> **Task item**
Below, find each line holding "Plus" and state how many there are, using the number alone.

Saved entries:
# # # #
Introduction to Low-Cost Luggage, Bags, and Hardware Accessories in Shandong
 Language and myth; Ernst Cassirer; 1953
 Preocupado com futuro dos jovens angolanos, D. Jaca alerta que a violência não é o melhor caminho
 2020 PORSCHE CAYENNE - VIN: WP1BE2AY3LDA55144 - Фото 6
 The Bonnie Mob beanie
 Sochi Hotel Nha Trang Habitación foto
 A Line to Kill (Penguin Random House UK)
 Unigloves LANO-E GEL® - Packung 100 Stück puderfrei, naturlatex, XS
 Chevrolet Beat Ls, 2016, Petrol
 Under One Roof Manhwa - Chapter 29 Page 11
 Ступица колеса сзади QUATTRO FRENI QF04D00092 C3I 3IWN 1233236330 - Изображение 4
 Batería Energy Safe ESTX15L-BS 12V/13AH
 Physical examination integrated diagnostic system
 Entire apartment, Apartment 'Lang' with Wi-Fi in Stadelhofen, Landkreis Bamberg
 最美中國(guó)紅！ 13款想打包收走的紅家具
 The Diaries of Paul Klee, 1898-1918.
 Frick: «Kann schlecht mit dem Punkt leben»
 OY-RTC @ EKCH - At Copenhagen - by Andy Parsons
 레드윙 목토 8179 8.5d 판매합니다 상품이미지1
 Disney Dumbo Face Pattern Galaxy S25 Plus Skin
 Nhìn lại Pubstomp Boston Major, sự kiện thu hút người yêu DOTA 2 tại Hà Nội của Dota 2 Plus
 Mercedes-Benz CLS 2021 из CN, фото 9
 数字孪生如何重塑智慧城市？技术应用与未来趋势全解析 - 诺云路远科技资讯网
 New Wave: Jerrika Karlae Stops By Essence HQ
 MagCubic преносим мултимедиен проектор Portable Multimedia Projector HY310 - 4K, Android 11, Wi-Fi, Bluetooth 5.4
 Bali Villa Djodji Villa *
# # # #
> **Finished task**
2